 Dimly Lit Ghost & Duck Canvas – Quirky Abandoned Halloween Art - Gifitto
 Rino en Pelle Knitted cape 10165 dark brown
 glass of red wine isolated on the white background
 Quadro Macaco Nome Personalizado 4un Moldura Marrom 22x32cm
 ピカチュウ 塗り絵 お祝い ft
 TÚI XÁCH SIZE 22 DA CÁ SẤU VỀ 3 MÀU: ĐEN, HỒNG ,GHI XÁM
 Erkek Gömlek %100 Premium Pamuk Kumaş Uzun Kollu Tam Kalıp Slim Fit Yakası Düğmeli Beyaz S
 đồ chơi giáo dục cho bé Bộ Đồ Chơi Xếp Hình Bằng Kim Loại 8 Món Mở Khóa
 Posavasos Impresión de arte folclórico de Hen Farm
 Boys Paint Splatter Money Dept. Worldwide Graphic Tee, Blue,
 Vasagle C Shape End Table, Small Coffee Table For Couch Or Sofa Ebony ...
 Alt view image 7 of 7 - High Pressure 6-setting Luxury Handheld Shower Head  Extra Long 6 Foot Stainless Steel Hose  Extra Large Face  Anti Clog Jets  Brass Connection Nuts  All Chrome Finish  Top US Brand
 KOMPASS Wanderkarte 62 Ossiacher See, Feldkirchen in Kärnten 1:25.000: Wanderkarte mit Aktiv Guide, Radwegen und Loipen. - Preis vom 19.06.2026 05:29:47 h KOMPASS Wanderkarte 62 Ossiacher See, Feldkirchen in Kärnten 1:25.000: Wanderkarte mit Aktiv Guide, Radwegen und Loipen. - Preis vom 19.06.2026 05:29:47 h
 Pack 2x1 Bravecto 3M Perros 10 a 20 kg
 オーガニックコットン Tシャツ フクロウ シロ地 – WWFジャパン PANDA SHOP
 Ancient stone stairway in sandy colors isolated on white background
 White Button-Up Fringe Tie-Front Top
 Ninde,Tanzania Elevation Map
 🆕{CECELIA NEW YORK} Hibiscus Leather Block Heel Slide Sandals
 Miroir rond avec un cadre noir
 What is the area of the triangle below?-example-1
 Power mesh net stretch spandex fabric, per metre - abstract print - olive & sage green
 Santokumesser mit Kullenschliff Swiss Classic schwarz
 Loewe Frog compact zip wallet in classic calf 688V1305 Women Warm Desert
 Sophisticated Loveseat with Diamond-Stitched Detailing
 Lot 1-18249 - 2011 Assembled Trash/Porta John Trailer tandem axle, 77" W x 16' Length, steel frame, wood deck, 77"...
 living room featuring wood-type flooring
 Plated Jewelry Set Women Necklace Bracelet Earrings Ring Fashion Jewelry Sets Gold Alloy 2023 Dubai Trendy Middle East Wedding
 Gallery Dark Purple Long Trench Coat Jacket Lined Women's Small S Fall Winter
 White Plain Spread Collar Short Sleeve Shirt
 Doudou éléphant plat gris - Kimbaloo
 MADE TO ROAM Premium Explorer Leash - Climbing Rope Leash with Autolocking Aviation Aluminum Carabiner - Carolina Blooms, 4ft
....................
- [Task instructions] Set down exactly the lines of the data above, beginning with the line that has "ピカチュウ 塗り絵 お祝い ft" and ending with the line that has "Doudou éléphant plat gris - Kimbaloo", and no others.

- [Task response]
 ピカチュウ 塗り絵 お祝い ft
 TÚI XÁCH SIZE 22 DA CÁ SẤU VỀ 3 MÀU: ĐEN, HỒNG ,GHI XÁM
 Erkek Gömlek %100 Premium Pamuk Kumaş Uzun Kollu Tam Kalıp Slim Fit Yakası Düğmeli Beyaz S
 đồ chơi giáo dục cho bé Bộ Đồ Chơi Xếp Hình Bằng Kim Loại 8 Món Mở Khóa
 Posavasos Impresión de arte folclórico de Hen Farm
 Boys Paint Splatter Money Dept. Worldwide Graphic Tee, Blue,
 Vasagle C Shape End Table, Small Coffee Table For Couch Or Sofa Ebony ...
 Alt view image 7 of 7 - High Pressure 6-setting Luxury Handheld Shower Head  Extra Long 6 Foot Stainless Steel Hose  Extra Large Face  Anti Clog Jets  Brass Connection Nuts  All Chrome Finish  Top US Brand
 KOMPASS Wanderkarte 62 Ossiacher See, Feldkirchen in Kärnten 1:25.000: Wanderkarte mit Aktiv Guide, Radwegen und Loipen. - Preis vom 19.06.2026 05:29:47 h KOMPASS Wanderkarte 62 Ossiacher See, Feldkirchen in Kärnten 1:25.000: Wanderkarte mit Aktiv Guide, Radwegen und Loipen. - Preis vom 19.06.2026 05:29:47 h
 Pack 2x1 Bravecto 3M Perros 10 a 20 kg
 オーガニックコットン Tシャツ フクロウ シロ地 – WWFジャパン PANDA SHOP
 Ancient stone stairway in sandy colors isolated on white background
 White Button-Up Fringe Tie-Front Top
 Ninde,Tanzania Elevation Map
 🆕{CECELIA NEW YORK} Hibiscus Leather Block Heel Slide Sandals
 Miroir rond avec un cadre noir
 What is the area of the triangle below?-example-1
 Power mesh net stretch spandex fabric, per metre - abstract print - olive & sage green
 Santokumesser mit Kullenschliff Swiss Classic schwarz
 Loewe Frog compact zip wallet in classic calf 688V1305 Women Warm Desert
 Sophisticated Loveseat with Diamond-Stitched Detailing
 Lot 1-18249 - 2011 Assembled Trash/Porta John Trailer tandem axle, 77" W x 16' Length, steel frame, wood deck, 77"...
 living room featuring wood-type flooring
 Plated Jewelry Set Women Necklace Bracelet Earrings Ring Fashion Jewelry Sets Gold Alloy 2023 Dubai Trendy Middle East Wedding
 Gallery Dark Purple Long Trench Coat Jacket Lined Women's Small S Fall Winter
 White Plain Spread Collar Short Sleeve Shirt
 Doudou éléphant plat gris - Kimbaloo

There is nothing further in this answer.